Однако не будем задерживаться на этой теме, отнюдь не радостной, тем более что в данной главе читателя (и нашего героя) ожидает наиприятнейший сюрприз, какого ни он, ни сам автор и загадать не могли. Перенесемся в Петровско-Разумовское, в квартиру Федоровых, но не в залу с роялем и фисгармонией, а в кабинет, обставленный кожаной мебелью: массивный диван, три массивных кресла, вдоль всех четырех стен — книжные полки, на которых вплотную стоят золотистые, коричневые, темнозеленые, черные и красные корешки — и на многих оттиснута фамилия хозяина… Письменный стол боком к двери, на нем керосиновая лампа с абажуром, от которой Евграф Степанович любит прикуривать папиросы и по этой причине не меняет на электрическую. Здесь собираются — почти еженедельно — молодые ученые, среди которых Ферсман, Артемьев… Наш герой расхаживает перед ними, робко сидящими на кожаном диване, и говорит о кристаллах, с удовольствием погружаясь в дебри смежных наук и непринужденно из них выбираясь. Сюда же, на эти беседы, стремится попасть из Петербурга Карножицкий, но все реже ему в последнее время удается это, а когда он все же попадает, то все реже ему удается дослушать до конца, стриженая голова его клонится и, наконец, припадает к худым коленям… Он пьян. Он пьет теперь беспробудно, и Людмила Васильевна, всегда ненавидевшая пьяных, избегает встреч с ним в коридоре и в передней, хоть и испытывает большую неловкость перед остальными гостями, очень ей симпатичными, а потом требует от Евграфа, чтобы он и вовсе отказал ему от дому… Конец его близок, это все понимают…

Но главная причина, по которой перенесли мы действие в кабинет, заключается в том, что здесь в один прекрасный день — и именно в тот момент, когда сидел Евграф Степанович за письменным столом и разминал в пальцах папиросу, — ему принесли конверт, и он его рассеянно надорвал, а в нем содержался сюрприз, о котором ни он, ни читатель, ни автор и мечтать никогда не смели…

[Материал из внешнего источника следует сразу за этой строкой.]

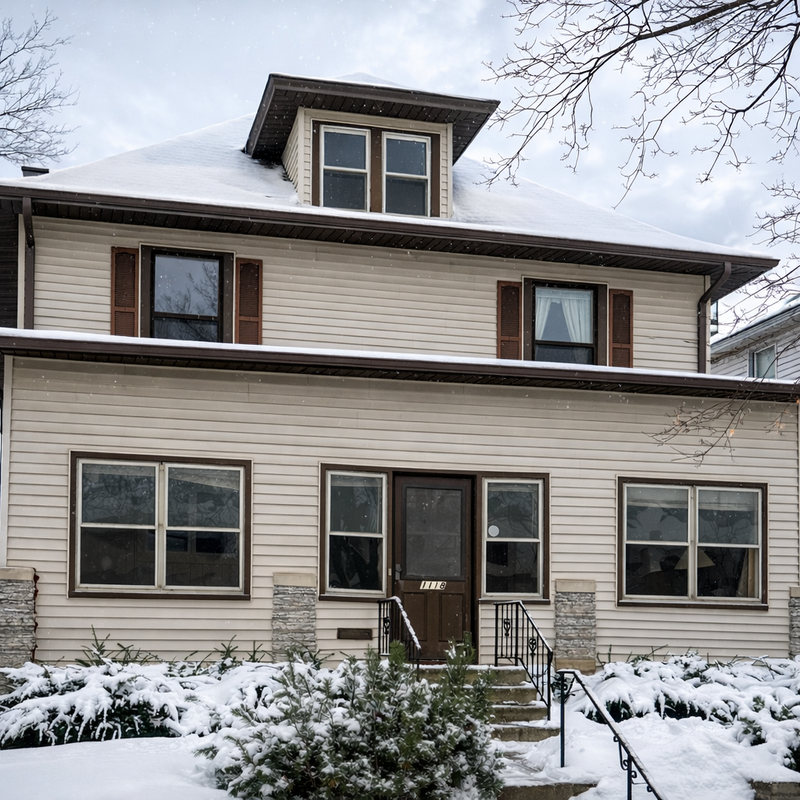 1118 Marshall Ave, Saint Paul, MN 55104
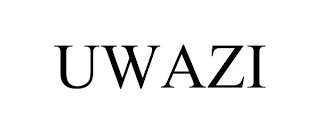 UWAZI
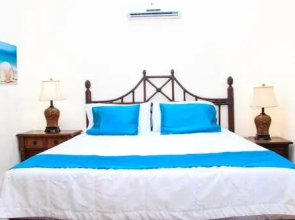 Sunset Villa 3C By Splash Inn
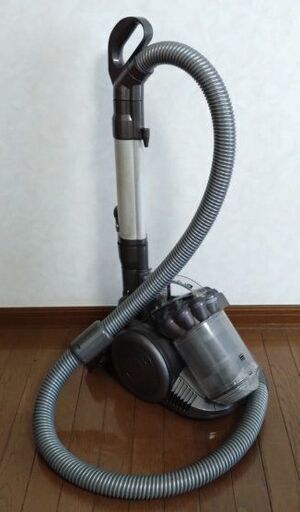 ダイソン掃除機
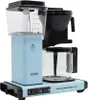 MOCCAMASTER Filterkaffeemaschine KBG Select Pastel Blue Produktbild-Vorschau 10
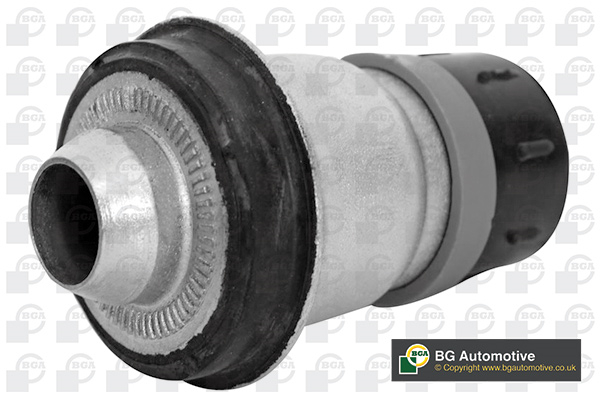 Mounting, axle beam - BU6305 BGA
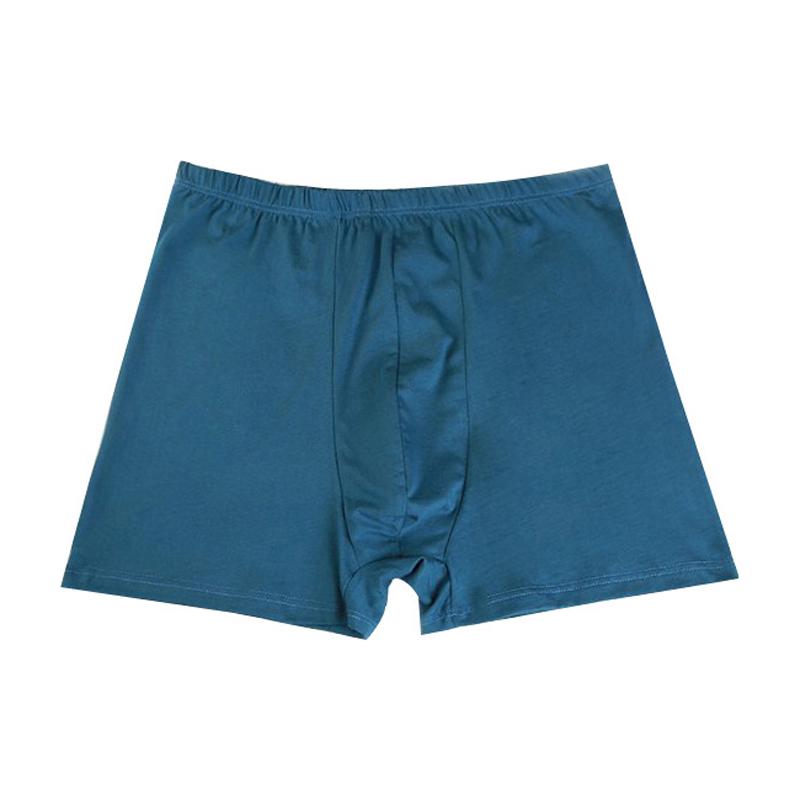 Men Men Fashion Boxer Shorts Boxer Underwear Cotton Knickers Underpants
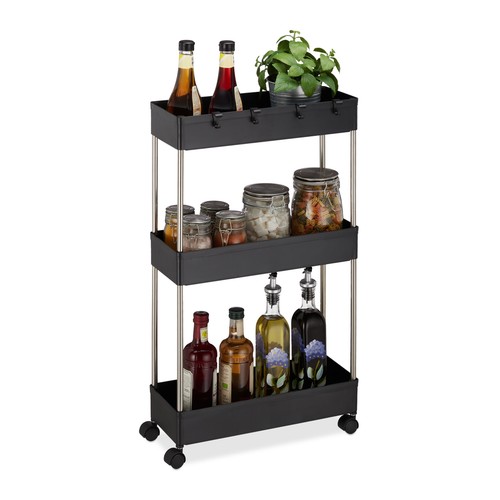 Meuble polyvalent pour cuisine
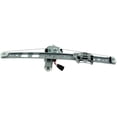thumbnail image 6 of Garage-Pro Power Window Regulator With Motor Compatible with Mitsubishi Galant 1999-2003 Front, Driver Side Replaces# MR287307, 6 of 8
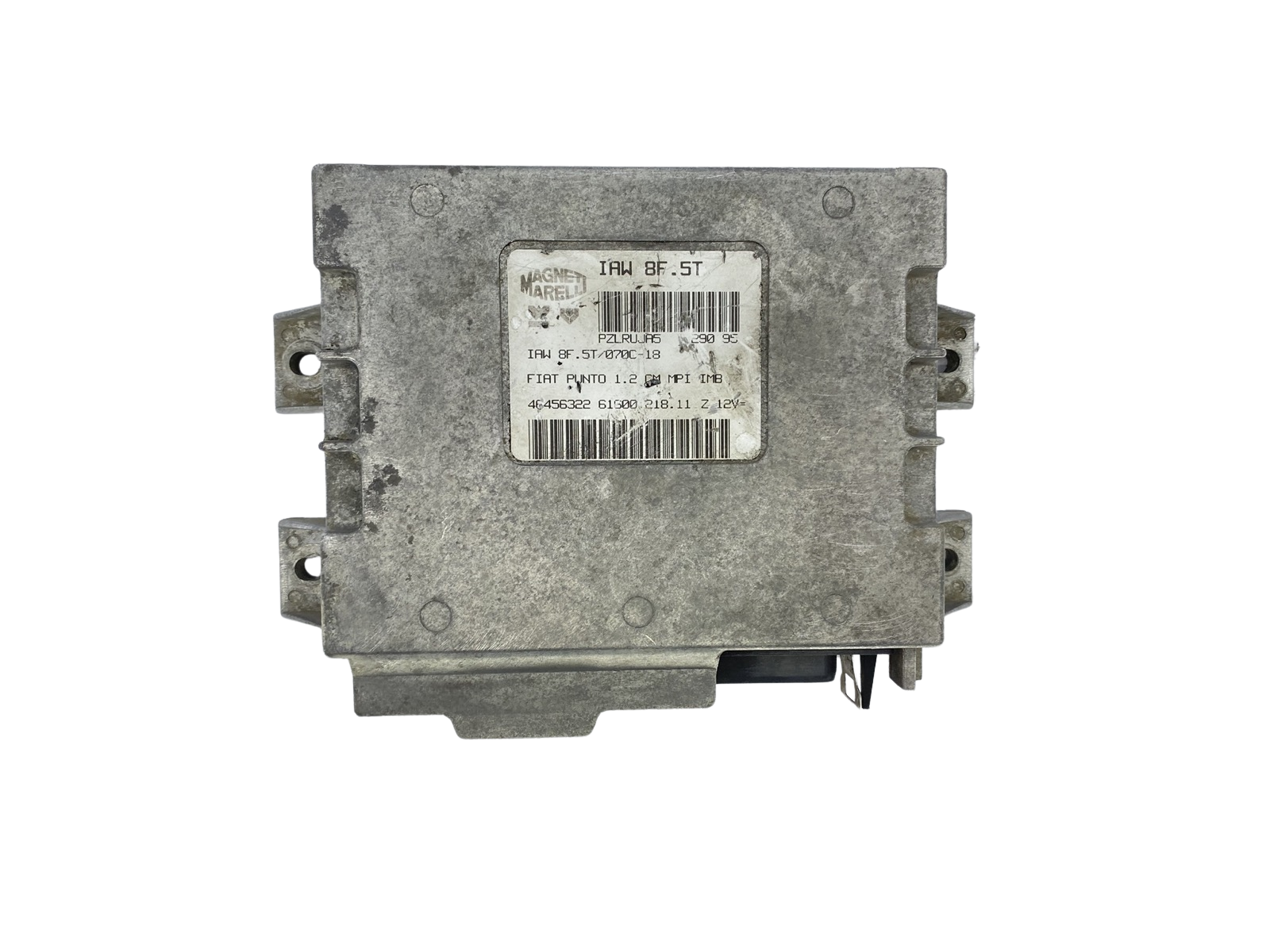 Unitate Control 46456322 IAW8F.5T 61600.218.11 Fiat Magneti Marelli 55876 main product photo
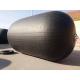 1.5*2.5m Pneumatic Rubber Fender Marine Rubber Fender For Dock Protection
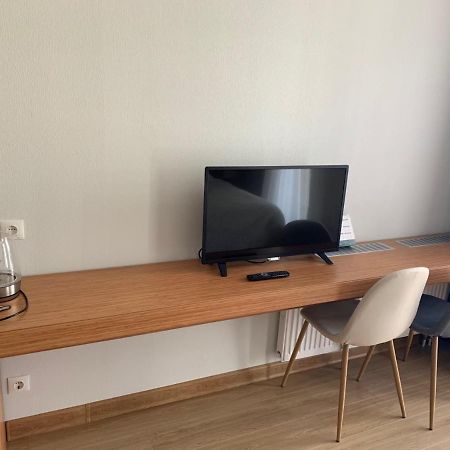 Orbi Palace, Room 536 Бакуриани Екстериор снимка
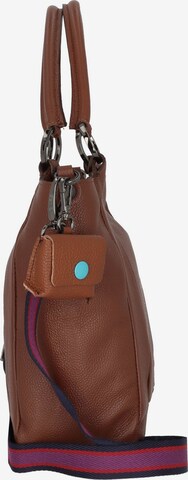 Gabs Shopper 'Sanem' in Brown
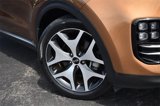 Used 2019 Kia Sportage SX image 3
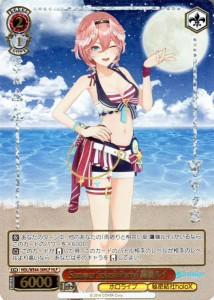 ヴァイスシュヴァルツ ホロライブプロダクション Summer Collection Summer Splash Party! 鷹嶺ルイ(HLP) HOL/WE44-36HLP | ホロライブ 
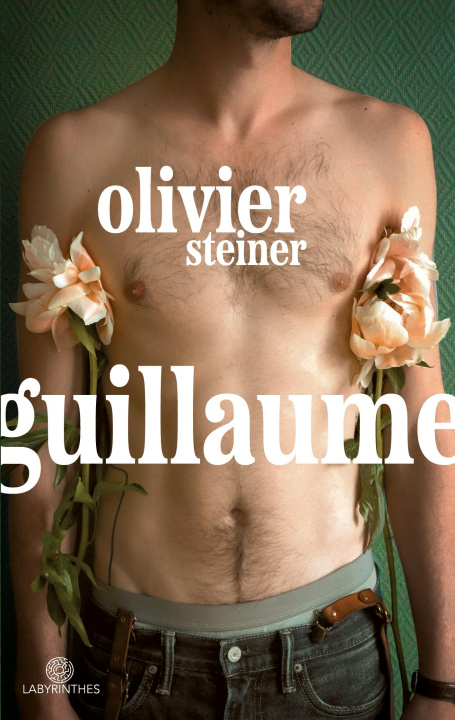 Knjiga Guillaume Olivier Steiner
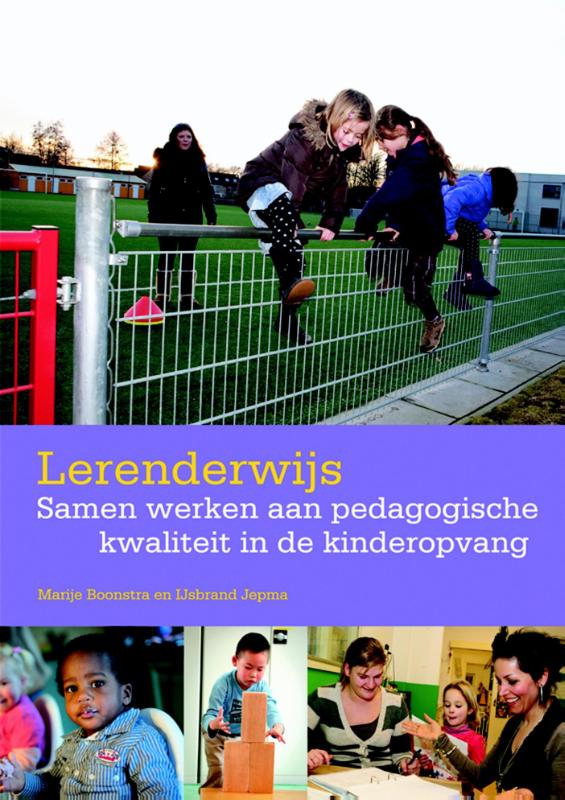 Lerenderwijs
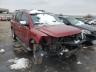 NISSAN - ARMADA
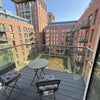 Photo 8: Balcony and Gardens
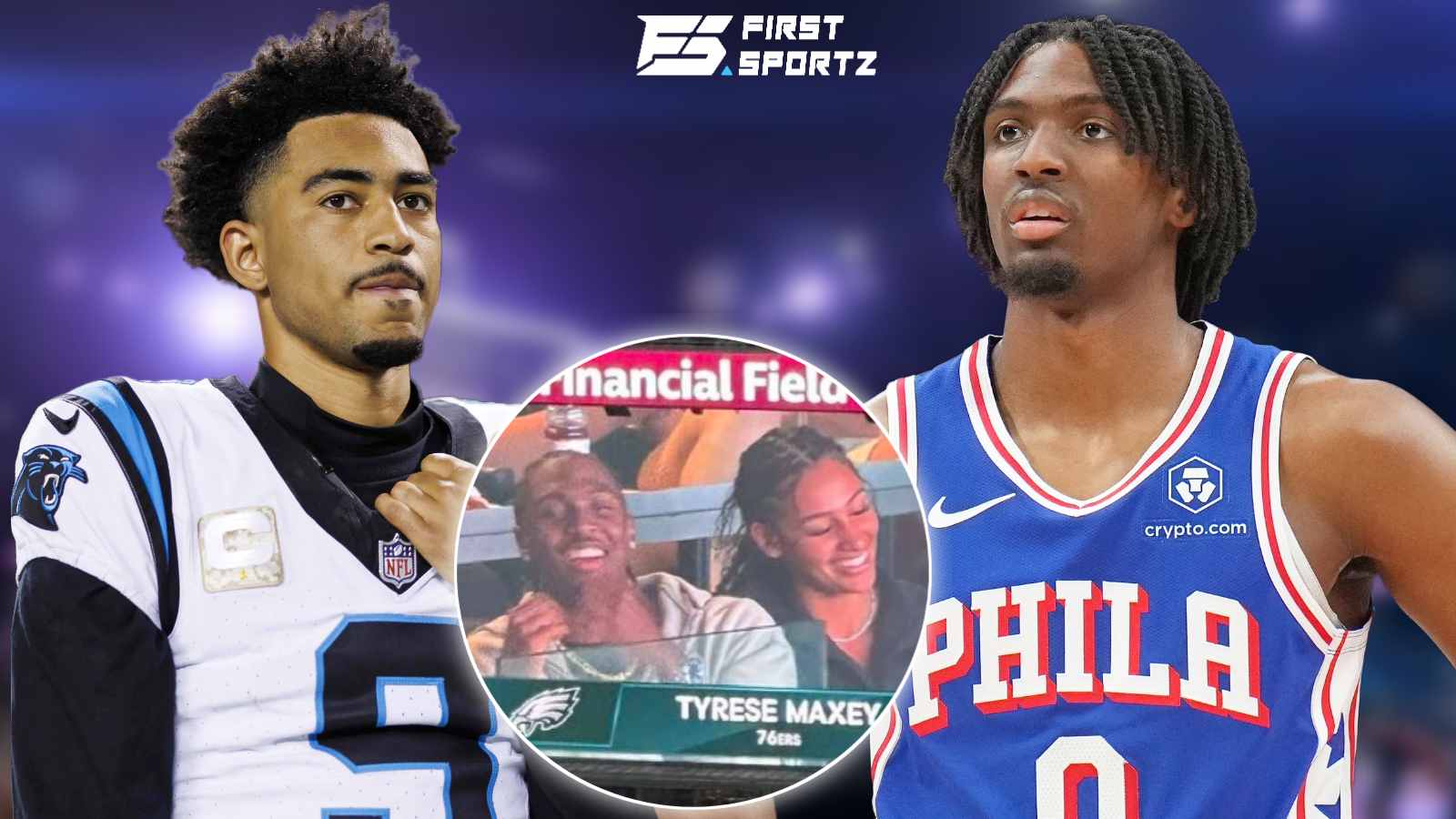 NFL star Bryce Young affected by ex-girlfriend dating $200 million NBA star claim fans in wild discourse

Вот сюрприз, приятнее которого Евграф Степанович в жизни не получал.

«Я уполномочен профессорами убедительно просить Вас, многоуважаемый Евграф Степанович, прийти на помощь и стать во главе Горного института. Лично я… — тут Евграф Степанович схватил разорванный конверт и прочитал фамилию отправителя: профессор Долбня. Кар же, он его прекрасно знал, он вел курс математики в Горном! — Лично я всегда находил, что Вы единственный человек, не только достойный этой чести по размерам своего авторитета, но и обладающий всеми потребными качествами для поднятия слишком упавшего престижа директорской власти. Зная Ваши чувства относительно института и всей корпорации горных инженеров, я уверен, что Вы не откажетесь отдать часть Ваших сил на служение весьма важному и общему, даже более — общественному — делу…».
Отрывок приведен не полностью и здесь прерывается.